School of Chemistry, South China Normal University, Guangzhou 510006, PR China.
Guangzhou Research & Creativity Biotechnology Co. Ltd., Guangzhou 510663, PR China.
J Chromatogr B Analyt Technol Biomed Life Sci. 2019 Sep 15;1126-1127:121740. doi: 10.1016/j.jchromb.2019.121740. Epub 2019 Jul 30.
A fast analytical method through supercritical fluid chromatography was developed for enantioselective determination of triadimefon in soil and apple samples. Effects of chiral stationary phases, co-solvents, column temperature, and back pressure on chiral separation of triadimefon were discussed in detail. Chiral stationary phases containing electron-donating units located at phenylcarbamate moieties showed better enanitonrecognition abilities in triadimefon than those with electron-withdrawing units. Then, the modified pretreatment procedure was applied in enantioselective analysis of triadimefon in two matrices. When using cellulose tris(3,5-dimethylphenylcarbamate)-coated silica gel as the chiral stationary phase and the CO-methanol (95/5, v/v) mixture as the mobile phase, the LOD and LOQ were 0.38 mg/kg and 2.00 mg/kg, respectively, much lower than the others chiral stationary phases. Good linearity (R = 0.9999) and recoveries (92.90-105.56%,RSD ≤ 1.52%) for them were achieved.

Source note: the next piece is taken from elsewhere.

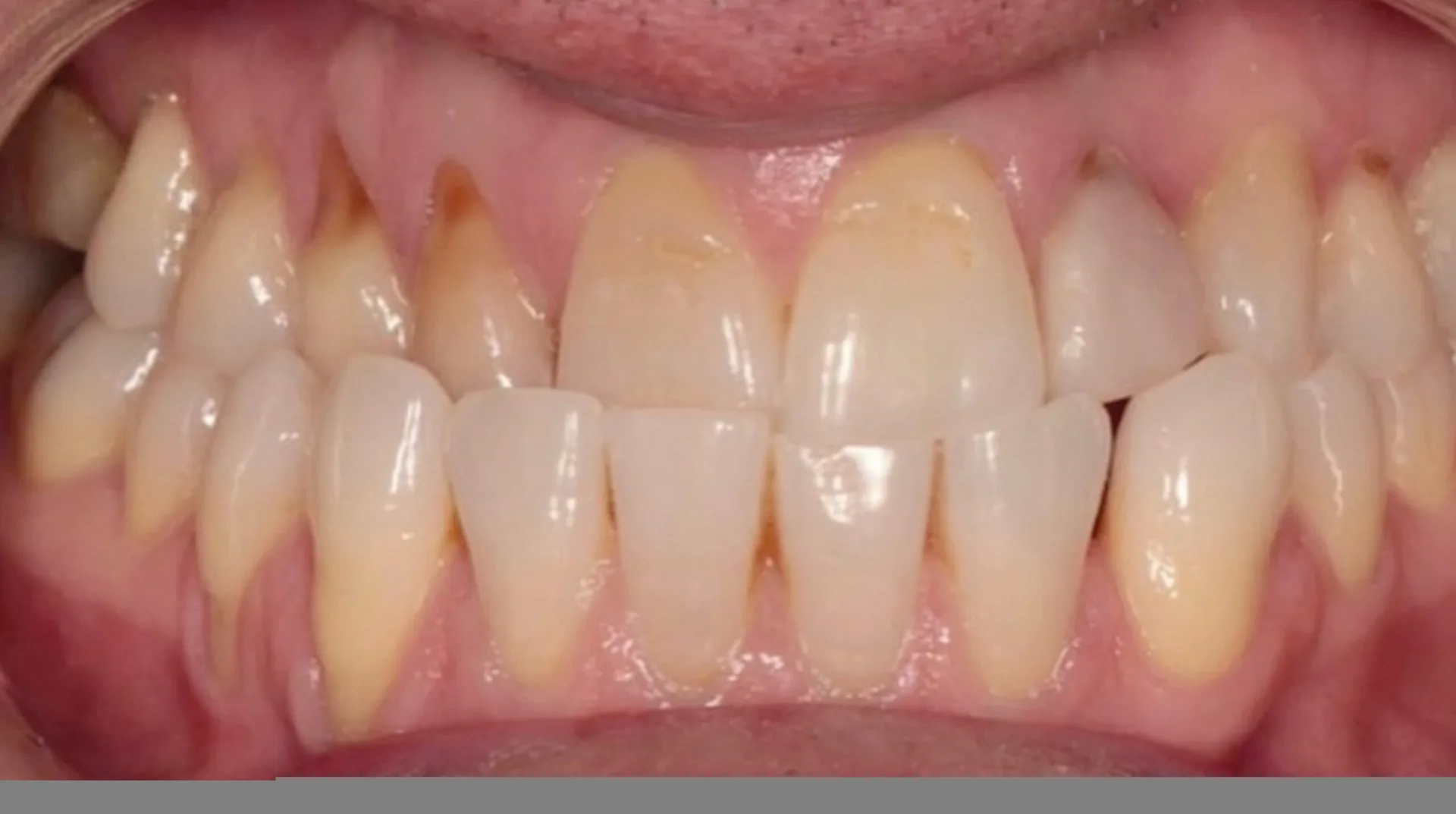 Second-Day_TrioClear-Align-and-Restore_Slider_8-scaled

建立了一种通过超临界流体色谱快速分析的方法,用于对土壤和苹果样品中的三唑酮进行对映选择性测定。详细讨论了手性固定相、共溶剂、柱温和背压对三唑酮手性分离的影响。含有在苯甲酰氨基部分中具有供电子单元的手性固定相比具有吸电子单元的手性固定相具有更好的三唑酮对映体识别能力。然后,对两种基质中三唑酮的对映选择性分析采用了改进的预处理程序。当使用纤维素三(3,5-二甲基苯基氨基甲酸酯)-涂覆硅胶作为手性固定相,以 CO-甲醇(95/5,v/v)混合物作为流动相时,LOD 和 LOQ 分别为 0.38mg/kg 和 2.00mg/kg,均低于其他手性固定相。对映体具有良好的线性(R=0.9999)和回收率(92.90-105.56%,RSD≤1.52%)。